(Short text fragments from websites)
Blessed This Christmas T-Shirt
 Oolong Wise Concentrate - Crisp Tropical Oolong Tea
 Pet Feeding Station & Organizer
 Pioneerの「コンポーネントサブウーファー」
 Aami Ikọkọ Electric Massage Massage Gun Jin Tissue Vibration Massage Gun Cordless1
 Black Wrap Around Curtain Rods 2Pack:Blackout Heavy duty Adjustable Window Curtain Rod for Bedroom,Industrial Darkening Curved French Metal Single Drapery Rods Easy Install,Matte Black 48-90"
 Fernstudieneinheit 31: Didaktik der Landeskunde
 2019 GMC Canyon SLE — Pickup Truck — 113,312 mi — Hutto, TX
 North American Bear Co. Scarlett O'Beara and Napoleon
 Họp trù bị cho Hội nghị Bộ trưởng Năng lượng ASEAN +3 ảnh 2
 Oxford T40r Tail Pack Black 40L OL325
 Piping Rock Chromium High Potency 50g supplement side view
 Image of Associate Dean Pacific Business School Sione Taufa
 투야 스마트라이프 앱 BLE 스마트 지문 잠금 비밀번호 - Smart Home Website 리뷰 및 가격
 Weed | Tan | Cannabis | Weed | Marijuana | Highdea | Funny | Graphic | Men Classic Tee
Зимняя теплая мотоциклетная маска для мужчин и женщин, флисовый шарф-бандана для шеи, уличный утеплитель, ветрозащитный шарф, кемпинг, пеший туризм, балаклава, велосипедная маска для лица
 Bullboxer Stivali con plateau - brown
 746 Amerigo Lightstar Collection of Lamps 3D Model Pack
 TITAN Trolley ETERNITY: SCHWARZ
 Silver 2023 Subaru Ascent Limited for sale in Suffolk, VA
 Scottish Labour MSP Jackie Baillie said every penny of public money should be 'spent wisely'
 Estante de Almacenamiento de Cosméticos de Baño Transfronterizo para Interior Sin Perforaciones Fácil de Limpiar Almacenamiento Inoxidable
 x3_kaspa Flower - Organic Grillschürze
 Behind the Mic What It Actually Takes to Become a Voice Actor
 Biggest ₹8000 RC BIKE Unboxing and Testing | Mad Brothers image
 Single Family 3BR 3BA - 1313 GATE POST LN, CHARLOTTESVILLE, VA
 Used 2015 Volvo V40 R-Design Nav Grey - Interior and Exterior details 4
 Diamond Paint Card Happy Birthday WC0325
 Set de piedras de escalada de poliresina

## Exercise details
Each line of the data must be returned exactly.

## Result of this task
Blessed This Christmas T-Shirt
 Oolong Wise Concentrate - Crisp Tropical Oolong Tea
 Pet Feeding Station & Organizer
 Pioneerの「コンポーネントサブウーファー」
 Aami Ikọkọ Electric Massage Massage Gun Jin Tissue Vibration Massage Gun Cordless1
 Black Wrap Around Curtain Rods 2Pack:Blackout Heavy duty Adjustable Window Curtain Rod for Bedroom,Industrial Darkening Curved French Metal Single Drapery Rods Easy Install,Matte Black 48-90"
 Fernstudieneinheit 31: Didaktik der Landeskunde
 2019 GMC Canyon SLE — Pickup Truck — 113,312 mi — Hutto, TX
 North American Bear Co. Scarlett O'Beara and Napoleon
 Họp trù bị cho Hội nghị Bộ trưởng Năng lượng ASEAN +3 ảnh 2
 Oxford T40r Tail Pack Black 40L OL325
 Piping Rock Chromium High Potency 50g supplement side view
 Image of Associate Dean Pacific Business School Sione Taufa
 투야 스마트라이프 앱 BLE 스마트 지문 잠금 비밀번호 - Smart Home Website 리뷰 및 가격
 Weed | Tan | Cannabis | Weed | Marijuana | Highdea | Funny | Graphic | Men Classic Tee
Зимняя теплая мотоциклетная маска для мужчин и женщин, флисовый шарф-бандана для шеи, уличный утеплитель, ветрозащитный шарф, кемпинг, пеший туризм, балаклава, велосипедная маска для лица
 Bullboxer Stivali con plateau - brown
 746 Amerigo Lightstar Collection of Lamps 3D Model Pack
 TITAN Trolley ETERNITY: SCHWARZ
 Silver 2023 Subaru Ascent Limited for sale in Suffolk, VA
 Scottish Labour MSP Jackie Baillie said every penny of public money should be 'spent wisely'
 Estante de Almacenamiento de Cosméticos de Baño Transfronterizo para Interior Sin Perforaciones Fácil de Limpiar Almacenamiento Inoxidable
 x3_kaspa Flower - Organic Grillschürze
 Behind the Mic What It Actually Takes to Become a Voice Actor
 Biggest ₹8000 RC BIKE Unboxing and Testing | Mad Brothers image
 Single Family 3BR 3BA - 1313 GATE POST LN, CHARLOTTESVILLE, VA
 Used 2015 Volvo V40 R-Design Nav Grey - Interior and Exterior details 4
 Diamond Paint Card Happy Birthday WC0325
 Set de piedras de escalada de poliresina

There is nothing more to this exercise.